Each screenprint series I do I make sure I try to encorporate a new technique so at least I can learn something from it. One thing that screenprinting offers artists is a nice set of hard restrictions to work with. First of all you are restricted by the costs of printing per color. The below picture are the blended colors for the second pull. More pictures after the jump.
So you naturally want to restrict how many colors you use in a piece. This means you have to be more creative with layering to create more colors as they overlap, or in this case use the technique of blends per pull.
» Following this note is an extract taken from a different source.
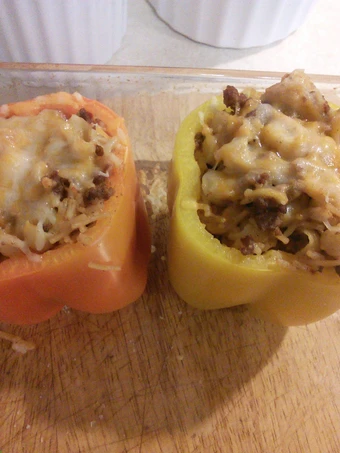 Recipe Easy Stuffed Peppers the Delicious Appealing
Here is the burned screen ready to have the inks applied for the blend.
When the screen is being pulled the inks then blend and roll over each other creating sometimes some marbled patterns. Each time its pulled the blend changes so you get much more variation with blends.
You can see here that on this one sheet you see yellow in the center and peach on the sides.
Also as a cost saving measure I arranged 3 separate illustrations on one sheet. The top has "Denbus", the bottom left contains "Deko Rig", and the bottom right contains "Gomi Tora". The crop marks and registration points also show up but they will be cut out so it doesn't matter.
They are then laid on the racks to dry before the next set of colors are applied. To make sure that the next pull lines up with the one below it the machine is adjusted so they align, but its good practice to hit each pull on a couple test papers to allow the ink to soak the screen.
You can see here that the printer here uses the same piece of paper for multiple pieces of work. If you do this enough you get a nice unintentional collage of complete awesome. Sometimes if you ask your printer for these test prints they'll give them to you. If they're as cool as Steve Horvath and Tom Dewar from D&L Screenprinting they will let you.